Work request: In the data below, find the line with "Tuscan Bone China" and the line with "sleeved dress autumn", then restate both and every line between them exactly, minus the pictures.

Extracted entries:
┄┄┄┄┄┄

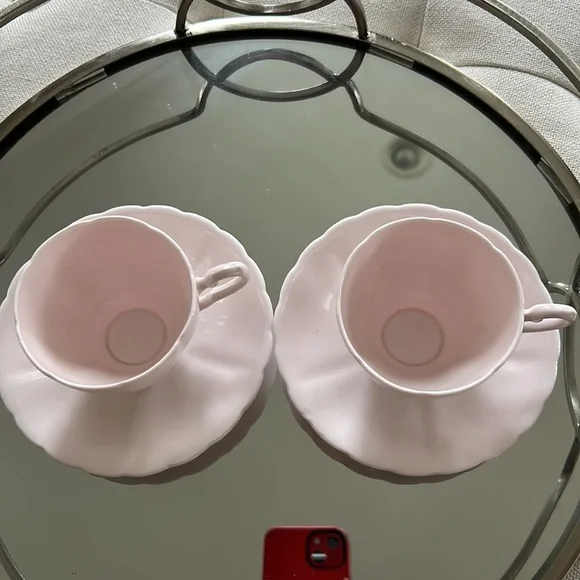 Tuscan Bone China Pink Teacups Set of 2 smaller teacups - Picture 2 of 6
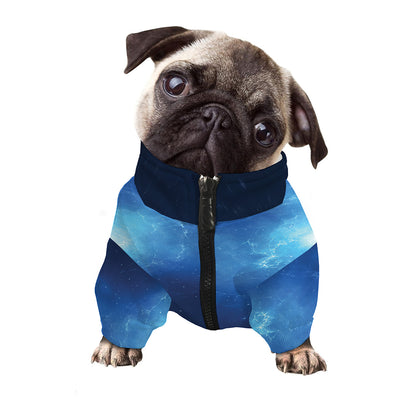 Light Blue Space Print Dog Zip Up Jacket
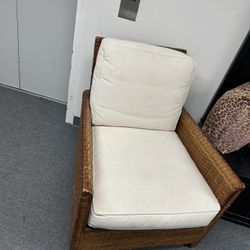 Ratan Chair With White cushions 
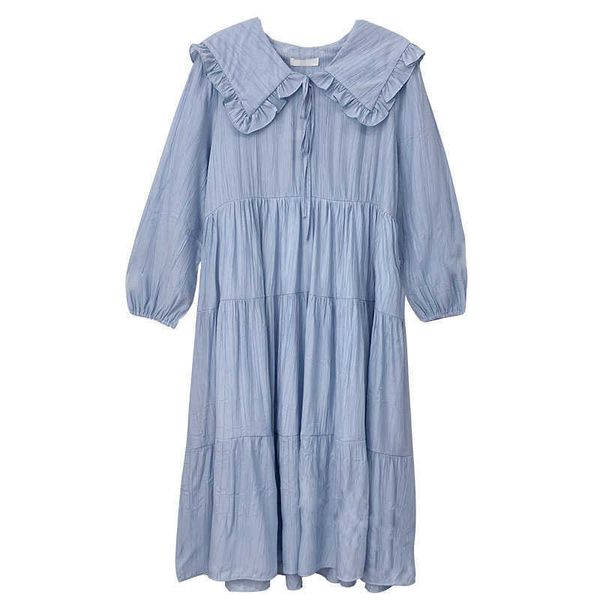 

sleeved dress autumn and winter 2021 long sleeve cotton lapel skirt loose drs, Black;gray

┄┄┄┄┄┄

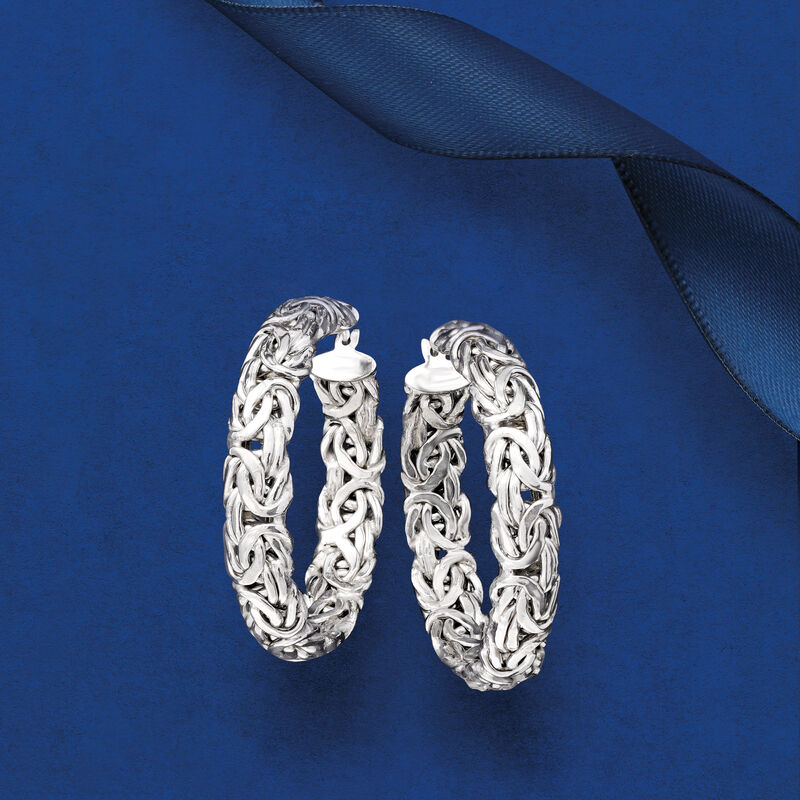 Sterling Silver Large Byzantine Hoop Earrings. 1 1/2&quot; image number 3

┄┄┄┄┄┄

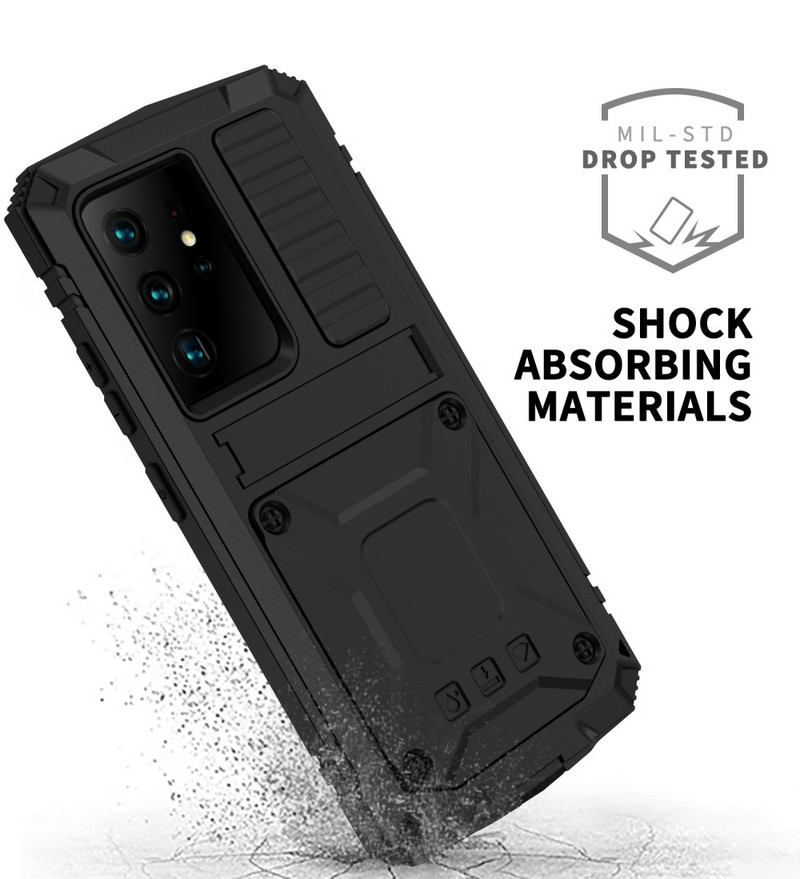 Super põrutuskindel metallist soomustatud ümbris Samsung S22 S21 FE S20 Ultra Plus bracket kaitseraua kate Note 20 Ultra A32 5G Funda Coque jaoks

┄┄┄┄┄┄

Exercise result:
 Tuscan Bone China Pink Teacups Set of 2 smaller teacups - Picture 2 of 6
 Light Blue Space Print Dog Zip Up Jacket
 Ratan Chair With White cushions 

sleeved dress autumn and winter 2021 long sleeve cotton lapel skirt loose drs, Black;gray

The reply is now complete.